The number of entrees purchased in a single order at a Noodles & Company restaurant has had an historical average of 1.7 entrees per order. On a particular Saturday afternoon, a random sample of 48 Noodles orders had a mean number of entrees equal to 2.1 with a standard deviation equal to 1.01. At the 2 percent level of significance, does this sample show that the average number of entrees per order was greater than expected?

Answer 1

Yes, this sample show that the average number of entrees per order was greater than expected.

Explanation:

We are given that the number of entrees purchased in a single order at a Noodles & Company restaurant has had an historical average of 1.7 entrees per order. For this a random sample of 48 Noodles orders had a mean number of entrees equal to 2.1 with a standard deviation equal to 1.01.

We have to test that the average number of entrees per order was greater than expected or not.

Let, Null Hypothesis,
`H_0` :
`\mu` = 1.7 {means that the average number of entrees per order was same as expected of 1.7 entrees per order}

Alternate Hypothesis,
`H_1` :
`\mu` > 1.7 {means that the average number of entrees per order was greater than expected of 1.7 entrees per order}

The test statistics that will be used here is One sample t-test statistics;

T.S. =
`(Xbar-\mu)/((s)/(√(n) ) )` ~
`t_n_-_1`

where, Xbar = sample mean number of entrees = 2.1

s = sample standard deviation = 1.01

n = sample of Noodles = 48

So, test statistics =
`(2.1-1.7)/((1.01)/(√(48) ) )` ~
`t_4_7`

= 2.744

Now, at 2% significance level the critical value of t at 47 degree of freedom in t table is given as 2.148. Since our test statistics is more than the critical value of t which means our test statistics will lie in the rejection region. So, we have sufficient evidence to reject our null hypothesis.

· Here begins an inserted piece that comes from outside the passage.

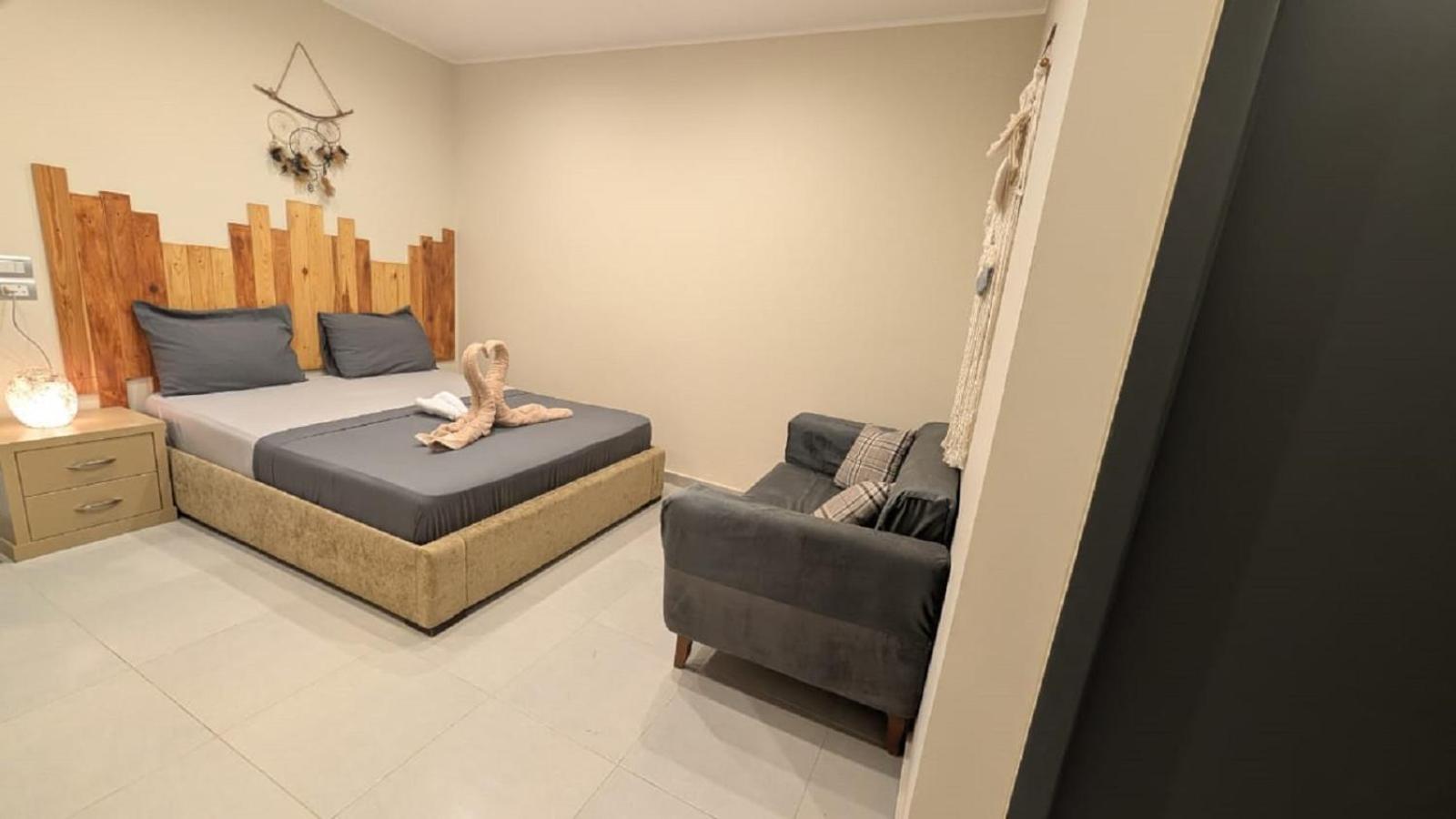 Hostify Hostel - Photo 41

Therefore, we conclude that the average number of entrees per order was greater than expected.

Answer 2

`t=(2.1-1.7)/((1.01)/(√(48)))=2.744`

`p_v =P(t_((47))>2.744)=0.0043`

If we compare the p value and the significance level given
`\alpha=0.02` we see that
`p_v<\alpha` so we can conclude that we have enough evidence to reject the null hypothesis, and we can conclude that the true mean is higher than 1,7 entrees per order at 2% of signficance.

Explanation:

Data given and notation

`\bar X=2.1` represent the mean

`s=1.01` represent the sample standard deviation

`n=48` sample size

`\mu_o =1.7` represent the value that we want to test

`\alpha=0.02` represent the significance level for the hypothesis test.

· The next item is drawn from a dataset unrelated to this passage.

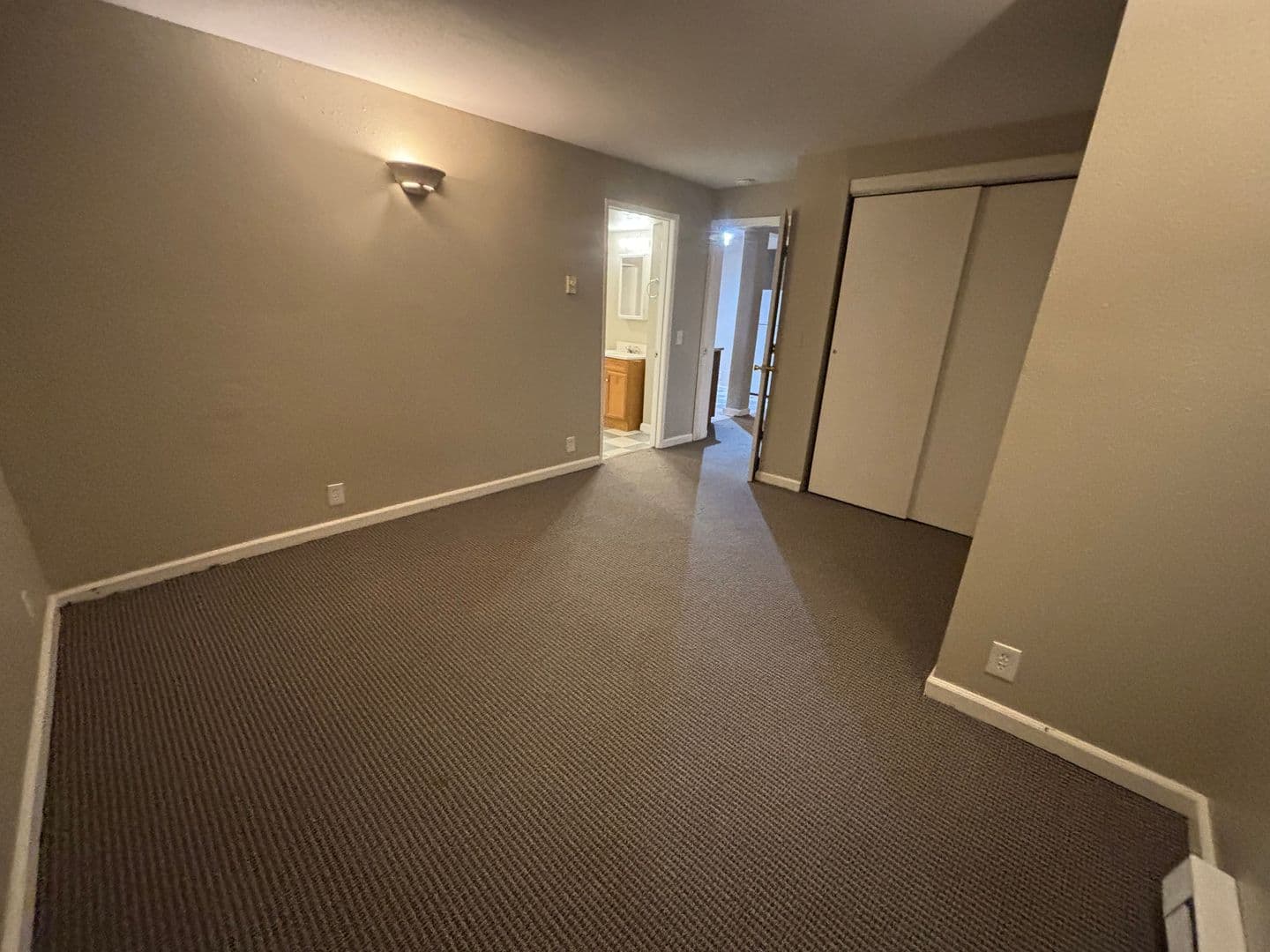 Seattle Apartment: 317 Harvard Ave E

t would represent the statistic (variable of interest)

`p_v` represent the p value for the test (variable of interest)

State the null and alternative hypotheses.

We need to conduct a hypothesis in order to check if the mean is higher than 1.7, the system of hypothesis would be:

Null hypothesis:
`\mu \leq 1.7`

Alternative hypothesis:
`\mu > 1.7`

If we analyze the size for the sample is > 30 but we don't know the population deviation so is better apply a t test to compare the actual mean to the reference value, and the statistic is given by:

`t=(\bar X-\mu_o)/((s)/(√(n)))` (1)

t-test: "Is used to compare group means. Is one of the most common tests and is used to determine if the mean is (higher, less or not equal) to an specified value".

Calculate the statistic

We can replace in formula (1) the info given like this:

`t=(2.1-1.7)/((1.01)/(√(48)))=2.744`

P-value

The first step is calculate the degrees of freedom, on this case:

`df=n-1=48-1=47`

Since is a one side test the p value would be:

`p_v =P(t_((47))>2.744)=0.0043`

Conclusion

If we compare the p value and the significance level given
`\alpha=0.02` we see that
`p_v<\alpha` so we can conclude that we have enough evidence to reject the null hypothesis, and we can conclude that the true mean is higher than 1,7 entrees per order at 2% of signficance.